ASU Summit As Petri Dish
If I were watching the ASU summit from a distance and mainly caught the tweets and the webcasts of the keynotes, I’m sure I would have felt the way Audrey did. Listening to Chris Whittle talk about how he plans to democratize exclusive prep school education for all the bond traders on Manhattan’s Upper West Side was a maddening experience. I think he had one throw-away line about how improvements in education for the rich will eventually make their way to reaching a broader range of people. Trickle-down education. Awesome. But the keynotes were really a side show. This was a working conference. The real action happened in the hallways. It was about finding and funding ed tech projects. Which meant that there were basically two types of people in attendance: potential funders and potential fundees.

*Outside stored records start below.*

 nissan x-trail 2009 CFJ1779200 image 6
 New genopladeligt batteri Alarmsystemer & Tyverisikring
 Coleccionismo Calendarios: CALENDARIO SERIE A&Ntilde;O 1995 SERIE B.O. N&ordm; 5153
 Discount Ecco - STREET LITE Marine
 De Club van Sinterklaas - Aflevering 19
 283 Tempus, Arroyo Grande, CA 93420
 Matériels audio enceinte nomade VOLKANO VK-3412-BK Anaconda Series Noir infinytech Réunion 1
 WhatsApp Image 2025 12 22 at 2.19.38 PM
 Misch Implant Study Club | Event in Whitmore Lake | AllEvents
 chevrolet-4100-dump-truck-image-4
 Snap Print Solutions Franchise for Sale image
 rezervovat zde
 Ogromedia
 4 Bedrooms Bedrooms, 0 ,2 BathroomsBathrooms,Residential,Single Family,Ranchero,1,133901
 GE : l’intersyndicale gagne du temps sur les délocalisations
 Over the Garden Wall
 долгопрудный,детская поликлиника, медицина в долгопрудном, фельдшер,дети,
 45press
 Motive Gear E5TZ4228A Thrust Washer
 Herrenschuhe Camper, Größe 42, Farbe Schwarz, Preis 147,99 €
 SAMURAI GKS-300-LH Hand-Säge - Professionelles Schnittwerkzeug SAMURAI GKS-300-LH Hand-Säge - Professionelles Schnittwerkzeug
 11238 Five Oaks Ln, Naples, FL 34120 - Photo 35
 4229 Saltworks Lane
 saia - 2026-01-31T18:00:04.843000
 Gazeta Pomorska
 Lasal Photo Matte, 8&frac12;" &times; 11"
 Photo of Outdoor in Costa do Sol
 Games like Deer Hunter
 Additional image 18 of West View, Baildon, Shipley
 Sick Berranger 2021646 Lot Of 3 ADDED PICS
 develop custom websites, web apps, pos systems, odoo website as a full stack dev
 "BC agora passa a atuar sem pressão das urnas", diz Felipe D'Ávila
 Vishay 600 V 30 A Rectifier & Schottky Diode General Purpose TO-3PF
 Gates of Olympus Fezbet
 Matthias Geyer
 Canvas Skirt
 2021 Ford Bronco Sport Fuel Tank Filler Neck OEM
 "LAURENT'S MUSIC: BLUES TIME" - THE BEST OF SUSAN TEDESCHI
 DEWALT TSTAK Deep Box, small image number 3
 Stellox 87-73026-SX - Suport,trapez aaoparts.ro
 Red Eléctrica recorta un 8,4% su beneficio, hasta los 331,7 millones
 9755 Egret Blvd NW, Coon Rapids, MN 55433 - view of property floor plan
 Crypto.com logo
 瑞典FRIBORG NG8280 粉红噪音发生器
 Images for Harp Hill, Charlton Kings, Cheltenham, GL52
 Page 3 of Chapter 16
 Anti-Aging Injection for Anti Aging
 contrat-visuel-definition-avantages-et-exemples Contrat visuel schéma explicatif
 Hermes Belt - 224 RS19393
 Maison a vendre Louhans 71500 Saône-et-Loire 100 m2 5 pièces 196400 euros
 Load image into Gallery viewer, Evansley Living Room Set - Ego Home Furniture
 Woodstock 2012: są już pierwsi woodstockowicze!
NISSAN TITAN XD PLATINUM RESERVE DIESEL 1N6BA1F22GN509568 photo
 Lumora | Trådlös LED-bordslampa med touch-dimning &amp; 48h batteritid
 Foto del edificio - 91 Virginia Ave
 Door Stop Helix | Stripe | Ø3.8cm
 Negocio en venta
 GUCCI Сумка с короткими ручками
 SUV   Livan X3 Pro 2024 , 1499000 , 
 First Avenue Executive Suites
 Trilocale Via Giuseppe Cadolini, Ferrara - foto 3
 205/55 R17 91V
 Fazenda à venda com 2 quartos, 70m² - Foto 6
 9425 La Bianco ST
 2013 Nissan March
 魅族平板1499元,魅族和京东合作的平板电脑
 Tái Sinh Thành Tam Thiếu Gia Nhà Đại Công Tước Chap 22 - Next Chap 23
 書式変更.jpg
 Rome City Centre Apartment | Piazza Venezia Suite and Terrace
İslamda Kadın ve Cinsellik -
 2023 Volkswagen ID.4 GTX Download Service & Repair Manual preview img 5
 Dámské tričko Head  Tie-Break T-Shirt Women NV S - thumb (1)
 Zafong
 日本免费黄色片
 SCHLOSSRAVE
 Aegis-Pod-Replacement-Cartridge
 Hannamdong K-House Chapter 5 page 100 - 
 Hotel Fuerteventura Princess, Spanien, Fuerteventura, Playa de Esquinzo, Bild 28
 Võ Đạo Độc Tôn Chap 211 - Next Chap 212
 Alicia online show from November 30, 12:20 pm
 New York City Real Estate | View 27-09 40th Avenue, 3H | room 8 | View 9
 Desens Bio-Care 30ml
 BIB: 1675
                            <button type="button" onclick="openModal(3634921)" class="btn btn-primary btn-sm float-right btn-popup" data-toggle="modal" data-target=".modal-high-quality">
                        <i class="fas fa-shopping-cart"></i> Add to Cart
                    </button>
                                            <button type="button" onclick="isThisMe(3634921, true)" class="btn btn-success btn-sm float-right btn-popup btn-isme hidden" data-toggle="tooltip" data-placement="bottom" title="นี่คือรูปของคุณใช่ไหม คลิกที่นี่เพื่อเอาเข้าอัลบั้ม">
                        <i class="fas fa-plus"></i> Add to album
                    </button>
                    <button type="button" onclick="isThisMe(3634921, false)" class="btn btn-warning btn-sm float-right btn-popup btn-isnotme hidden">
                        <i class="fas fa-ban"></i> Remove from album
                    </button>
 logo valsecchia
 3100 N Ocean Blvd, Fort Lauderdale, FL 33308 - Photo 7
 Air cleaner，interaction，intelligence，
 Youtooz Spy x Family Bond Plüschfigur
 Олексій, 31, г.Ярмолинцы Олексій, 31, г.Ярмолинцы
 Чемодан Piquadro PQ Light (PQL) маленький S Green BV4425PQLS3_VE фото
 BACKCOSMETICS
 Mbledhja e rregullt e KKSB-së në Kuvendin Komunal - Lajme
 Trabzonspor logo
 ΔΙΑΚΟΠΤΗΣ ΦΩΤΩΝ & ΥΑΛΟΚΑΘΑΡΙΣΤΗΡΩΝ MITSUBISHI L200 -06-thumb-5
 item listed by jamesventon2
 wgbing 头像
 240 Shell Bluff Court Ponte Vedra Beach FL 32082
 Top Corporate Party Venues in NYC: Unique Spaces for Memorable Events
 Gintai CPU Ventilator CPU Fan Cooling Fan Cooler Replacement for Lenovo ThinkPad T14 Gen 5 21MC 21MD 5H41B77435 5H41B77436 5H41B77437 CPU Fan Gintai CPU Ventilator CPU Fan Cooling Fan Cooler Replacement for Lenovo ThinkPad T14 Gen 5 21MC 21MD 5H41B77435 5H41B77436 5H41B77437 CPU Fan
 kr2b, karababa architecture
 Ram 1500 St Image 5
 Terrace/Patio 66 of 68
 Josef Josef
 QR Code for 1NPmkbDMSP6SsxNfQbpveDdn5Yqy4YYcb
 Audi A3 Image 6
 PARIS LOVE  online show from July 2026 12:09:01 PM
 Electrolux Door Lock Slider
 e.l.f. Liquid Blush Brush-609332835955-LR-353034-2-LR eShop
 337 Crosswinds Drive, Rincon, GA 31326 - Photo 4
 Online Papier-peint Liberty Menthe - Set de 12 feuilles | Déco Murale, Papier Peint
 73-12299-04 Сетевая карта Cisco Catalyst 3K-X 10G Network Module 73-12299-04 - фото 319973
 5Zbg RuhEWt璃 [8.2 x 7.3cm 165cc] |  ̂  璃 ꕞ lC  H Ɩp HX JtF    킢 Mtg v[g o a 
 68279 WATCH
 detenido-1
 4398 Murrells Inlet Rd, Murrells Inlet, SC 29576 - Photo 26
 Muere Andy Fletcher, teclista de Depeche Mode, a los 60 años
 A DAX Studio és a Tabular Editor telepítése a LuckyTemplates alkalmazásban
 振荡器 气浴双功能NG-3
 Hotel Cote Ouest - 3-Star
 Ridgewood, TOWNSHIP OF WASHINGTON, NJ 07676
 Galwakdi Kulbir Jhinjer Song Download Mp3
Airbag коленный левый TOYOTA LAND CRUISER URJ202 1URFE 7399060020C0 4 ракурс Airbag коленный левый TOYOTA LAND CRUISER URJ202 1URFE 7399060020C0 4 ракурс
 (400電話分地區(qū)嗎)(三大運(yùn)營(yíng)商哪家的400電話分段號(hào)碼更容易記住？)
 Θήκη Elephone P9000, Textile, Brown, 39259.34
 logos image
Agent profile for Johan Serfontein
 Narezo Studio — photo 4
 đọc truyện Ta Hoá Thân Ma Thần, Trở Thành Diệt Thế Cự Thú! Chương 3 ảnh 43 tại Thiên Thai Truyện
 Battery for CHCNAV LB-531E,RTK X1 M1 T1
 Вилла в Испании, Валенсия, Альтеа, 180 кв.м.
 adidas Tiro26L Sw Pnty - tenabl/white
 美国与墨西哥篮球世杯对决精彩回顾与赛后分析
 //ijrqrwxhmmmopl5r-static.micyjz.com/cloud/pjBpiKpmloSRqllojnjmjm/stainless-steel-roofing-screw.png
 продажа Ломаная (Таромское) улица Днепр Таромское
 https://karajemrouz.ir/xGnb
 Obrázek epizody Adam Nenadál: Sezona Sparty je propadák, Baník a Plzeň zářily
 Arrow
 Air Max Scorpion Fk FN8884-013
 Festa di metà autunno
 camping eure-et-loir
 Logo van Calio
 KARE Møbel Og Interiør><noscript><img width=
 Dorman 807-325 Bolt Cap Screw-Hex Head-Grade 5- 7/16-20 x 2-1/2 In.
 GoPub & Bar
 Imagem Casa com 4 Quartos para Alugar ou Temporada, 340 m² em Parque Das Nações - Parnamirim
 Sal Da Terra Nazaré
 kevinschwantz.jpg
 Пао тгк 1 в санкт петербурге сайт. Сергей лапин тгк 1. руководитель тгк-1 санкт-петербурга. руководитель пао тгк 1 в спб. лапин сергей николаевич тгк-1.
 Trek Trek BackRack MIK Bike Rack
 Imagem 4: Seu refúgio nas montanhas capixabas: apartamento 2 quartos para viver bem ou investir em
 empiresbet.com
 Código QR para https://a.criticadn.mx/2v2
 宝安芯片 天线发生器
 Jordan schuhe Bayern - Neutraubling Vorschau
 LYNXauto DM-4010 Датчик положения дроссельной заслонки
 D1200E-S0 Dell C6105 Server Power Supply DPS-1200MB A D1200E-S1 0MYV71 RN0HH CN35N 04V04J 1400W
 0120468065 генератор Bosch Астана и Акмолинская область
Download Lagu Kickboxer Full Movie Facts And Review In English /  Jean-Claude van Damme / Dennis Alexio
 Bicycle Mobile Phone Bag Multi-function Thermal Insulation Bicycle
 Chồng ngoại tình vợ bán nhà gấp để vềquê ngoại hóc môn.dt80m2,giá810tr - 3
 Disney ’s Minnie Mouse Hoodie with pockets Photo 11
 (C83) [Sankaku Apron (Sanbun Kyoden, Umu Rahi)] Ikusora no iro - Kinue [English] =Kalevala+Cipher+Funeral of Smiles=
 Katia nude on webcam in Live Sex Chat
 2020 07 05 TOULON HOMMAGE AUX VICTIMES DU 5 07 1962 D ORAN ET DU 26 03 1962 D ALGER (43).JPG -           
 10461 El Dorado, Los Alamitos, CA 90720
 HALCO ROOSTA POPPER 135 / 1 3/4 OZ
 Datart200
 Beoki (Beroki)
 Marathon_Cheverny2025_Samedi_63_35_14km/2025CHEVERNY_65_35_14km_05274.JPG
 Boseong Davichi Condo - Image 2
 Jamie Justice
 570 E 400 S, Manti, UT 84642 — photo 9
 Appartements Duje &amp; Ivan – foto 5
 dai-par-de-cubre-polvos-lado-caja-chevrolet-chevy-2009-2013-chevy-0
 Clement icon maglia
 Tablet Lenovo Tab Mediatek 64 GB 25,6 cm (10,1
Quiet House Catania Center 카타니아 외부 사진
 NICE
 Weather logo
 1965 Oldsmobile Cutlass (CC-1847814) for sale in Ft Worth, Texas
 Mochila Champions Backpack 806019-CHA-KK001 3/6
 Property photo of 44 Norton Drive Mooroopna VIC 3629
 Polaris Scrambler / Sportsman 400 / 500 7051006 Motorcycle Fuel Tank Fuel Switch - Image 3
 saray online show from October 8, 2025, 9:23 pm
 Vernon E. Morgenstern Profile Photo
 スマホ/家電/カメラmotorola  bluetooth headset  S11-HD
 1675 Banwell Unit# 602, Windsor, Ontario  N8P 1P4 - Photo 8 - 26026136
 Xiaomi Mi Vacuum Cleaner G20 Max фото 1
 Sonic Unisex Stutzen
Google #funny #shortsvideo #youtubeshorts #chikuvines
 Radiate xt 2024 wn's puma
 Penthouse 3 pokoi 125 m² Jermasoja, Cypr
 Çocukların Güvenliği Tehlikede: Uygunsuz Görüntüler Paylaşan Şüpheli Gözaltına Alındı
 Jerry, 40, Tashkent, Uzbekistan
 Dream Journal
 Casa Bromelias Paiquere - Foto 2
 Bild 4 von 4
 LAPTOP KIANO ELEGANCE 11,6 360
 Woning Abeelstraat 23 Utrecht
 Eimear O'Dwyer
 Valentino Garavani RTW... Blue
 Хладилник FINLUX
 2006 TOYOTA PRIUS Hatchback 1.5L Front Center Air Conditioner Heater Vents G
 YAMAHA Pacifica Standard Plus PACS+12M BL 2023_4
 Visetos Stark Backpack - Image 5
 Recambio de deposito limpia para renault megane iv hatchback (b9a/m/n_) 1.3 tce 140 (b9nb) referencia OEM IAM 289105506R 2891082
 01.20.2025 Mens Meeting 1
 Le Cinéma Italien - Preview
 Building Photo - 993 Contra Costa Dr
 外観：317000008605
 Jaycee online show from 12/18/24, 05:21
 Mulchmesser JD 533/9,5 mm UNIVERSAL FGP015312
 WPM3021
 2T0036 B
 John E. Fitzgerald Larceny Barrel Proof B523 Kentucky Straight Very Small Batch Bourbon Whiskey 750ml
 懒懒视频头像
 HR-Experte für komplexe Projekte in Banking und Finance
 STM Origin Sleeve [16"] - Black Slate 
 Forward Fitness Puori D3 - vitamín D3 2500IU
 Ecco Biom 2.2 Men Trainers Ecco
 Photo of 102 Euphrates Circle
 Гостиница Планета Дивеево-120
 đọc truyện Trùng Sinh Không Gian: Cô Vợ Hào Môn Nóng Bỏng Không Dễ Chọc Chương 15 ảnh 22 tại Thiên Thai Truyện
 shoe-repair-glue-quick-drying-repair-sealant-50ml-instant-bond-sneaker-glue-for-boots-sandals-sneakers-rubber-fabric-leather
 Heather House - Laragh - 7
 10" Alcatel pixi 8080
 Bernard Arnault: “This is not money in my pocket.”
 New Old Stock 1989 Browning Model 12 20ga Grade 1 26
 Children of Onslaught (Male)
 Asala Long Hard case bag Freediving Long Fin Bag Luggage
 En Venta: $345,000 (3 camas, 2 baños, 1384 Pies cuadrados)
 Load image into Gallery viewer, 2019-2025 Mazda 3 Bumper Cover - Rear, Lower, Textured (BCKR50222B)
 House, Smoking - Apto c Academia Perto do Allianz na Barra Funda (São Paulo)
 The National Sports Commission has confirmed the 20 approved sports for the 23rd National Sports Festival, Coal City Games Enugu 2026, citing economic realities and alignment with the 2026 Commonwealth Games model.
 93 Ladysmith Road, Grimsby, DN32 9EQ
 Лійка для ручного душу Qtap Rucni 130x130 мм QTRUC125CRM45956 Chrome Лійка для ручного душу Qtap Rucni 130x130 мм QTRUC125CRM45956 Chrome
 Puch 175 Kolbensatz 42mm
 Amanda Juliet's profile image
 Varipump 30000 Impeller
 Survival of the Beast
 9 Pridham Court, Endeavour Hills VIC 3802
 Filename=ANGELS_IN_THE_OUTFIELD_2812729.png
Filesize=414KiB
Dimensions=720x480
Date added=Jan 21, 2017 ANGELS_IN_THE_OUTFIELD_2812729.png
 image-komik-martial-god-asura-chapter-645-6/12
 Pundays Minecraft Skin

A lot of the talk about the conference has focused on the funders. And frankly, there has been some charicaturing going on. I was there, and my experience of the crowd there was relatively…polychromatic. For example, I sat next to one gentleman who was an angel investor and did not fit the Twitter stereotype at all. He has a long history of making charitable donations to inner city school projects. But his expertise is in business, and he is excited at the possibility that he might finally be able to use that expertise to help those same children by funding companies that could have a positive impact. Yes, there certainly were plenty of funders at the conference who have money they need to invest and are just looking for good targets without regard to the net social good or ill of those investments. There were also funders who genuinely care about improving education but have politically conservative views of what that means. Some were almost completely and blithely ignorant of educational issues, while others were thoughtful and sophisticated. Famed venture capitalist Mitch Kapur talked about how important it was for entrepreneurs to partner with educators who have vital “lived experience,” and I’m pretty sure he made an approving reference to the Audrey Test of what every ed tech entrepreneur should know about education (although he couldn’t remember who wrote it). At the end of the day, regardless of their motivations, all of these funders are bound by the laws of market physics, and those laws are what matters. Some ed tech companies will make money. Others—most, in fact—will not.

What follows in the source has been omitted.